Grant's memoir, I Was There When It Happened: My Life With Johnny Cash, was published 1n 2006.
They were born the Ward triplets in the Panama Canal Zone and raised in Washington DC. "Even though we didn't have any talent," Milly told People magazine in 1988, "we knew we wanted to be in show business." So they bought guitars, dyed their hair blond and renamed themselves the Del Rubio Triplets. To hear them tell it, they spent the next several years working clubs overseas. They briefly stopped performing after their mother died, but eventually the bug got them once again and they began performing in hospitals and such in the seventies. By 1979, they were working lounges and clubs again and, in 1985, they were "discovered" by songwriter Allee Willis who began presenting them at her parties.
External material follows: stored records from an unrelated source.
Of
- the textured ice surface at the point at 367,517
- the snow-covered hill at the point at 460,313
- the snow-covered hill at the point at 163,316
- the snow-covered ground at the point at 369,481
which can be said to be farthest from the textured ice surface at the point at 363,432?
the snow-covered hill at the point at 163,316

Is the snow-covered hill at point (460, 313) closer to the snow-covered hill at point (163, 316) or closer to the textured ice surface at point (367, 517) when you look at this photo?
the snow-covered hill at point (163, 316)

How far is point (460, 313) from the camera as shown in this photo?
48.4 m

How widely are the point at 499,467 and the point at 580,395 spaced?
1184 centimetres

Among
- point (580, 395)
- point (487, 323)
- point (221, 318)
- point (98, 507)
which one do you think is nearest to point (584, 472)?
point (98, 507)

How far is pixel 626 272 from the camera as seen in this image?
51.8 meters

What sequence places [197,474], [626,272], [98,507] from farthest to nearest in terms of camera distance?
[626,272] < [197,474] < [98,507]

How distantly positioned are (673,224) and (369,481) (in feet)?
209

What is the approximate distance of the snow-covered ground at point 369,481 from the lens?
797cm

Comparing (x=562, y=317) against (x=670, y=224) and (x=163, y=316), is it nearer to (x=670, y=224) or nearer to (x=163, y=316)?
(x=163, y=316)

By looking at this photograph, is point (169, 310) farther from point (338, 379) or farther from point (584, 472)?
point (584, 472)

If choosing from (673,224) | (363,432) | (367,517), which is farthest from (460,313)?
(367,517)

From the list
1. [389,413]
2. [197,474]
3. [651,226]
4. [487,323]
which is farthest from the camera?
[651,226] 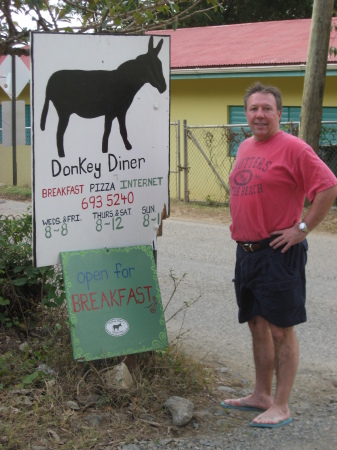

The Del Rubio Triplets found their success late in life. But, for about ten years, they were very much in demand, appearing on countless television shows and selling their share of albums. Their "act" was a little bizarre--three women in their sixties wearing short skirts and singing everything from Nat King Cole to the Rolling Stones--but they were so utterly charming that most everyone found them irresistible.
After Eadie died in 1996, the Del Rubios ceased performing. As Willis noted, "They always said to me that they were one person with three heads and that was completely true. They were completely dysfunctional without the other." When Elena died in 2001, Milly was left alone and she never completely recovered from the loss of her sisters.
Although their biggest "hit" was a cover of Devo's "Whip It", the Del Rubio Triplets may best be remembered for their appearance on Pee Wee Herman's Christmas special in 1988. A full album of Christmas songs, "Jingle Belles", followed in 1991.